**Data for processing:**

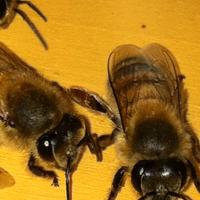 Vendita sciami api nuclei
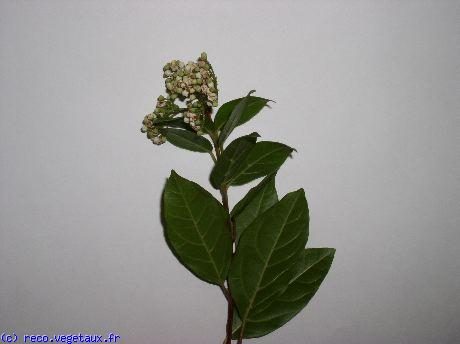 Viburnum tinus 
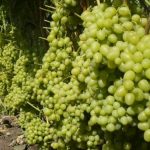 Как размножить виноград черенками, отводками и семенами особенности и советы для начинающих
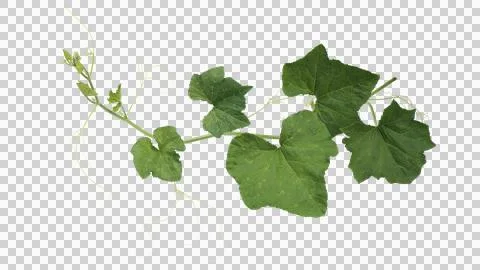 Pumpkin trailing vine plant stem with green leaves and tendrils Stock Photos
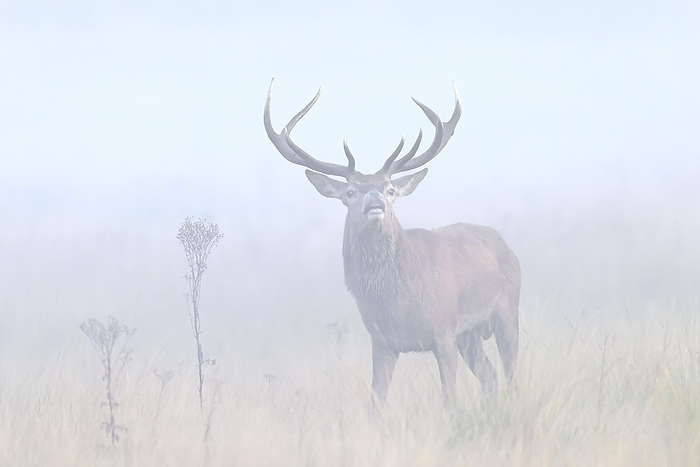 red deer  Cervus elaphus  Red deer  Cervus elaphus  stag performing the flehmen response in grassland in early morning mist during the rut in autumn, fall, by alimdi   Arterra   Sven Erik Arndt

**Task requirements:**
Each record above must be set down again unchanged, with its pictures left out.

**Output of the task:**
 Vendita sciami api nuclei
 Viburnum tinus 
 Как размножить виноград черенками, отводками и семенами особенности и советы для начинающих
 Pumpkin trailing vine plant stem with green leaves and tendrils Stock Photos
 red deer  Cervus elaphus  Red deer  Cervus elaphus  stag performing the flehmen response in grassland in early morning mist during the rut in autumn, fall, by alimdi   Arterra   Sven Erik Arndt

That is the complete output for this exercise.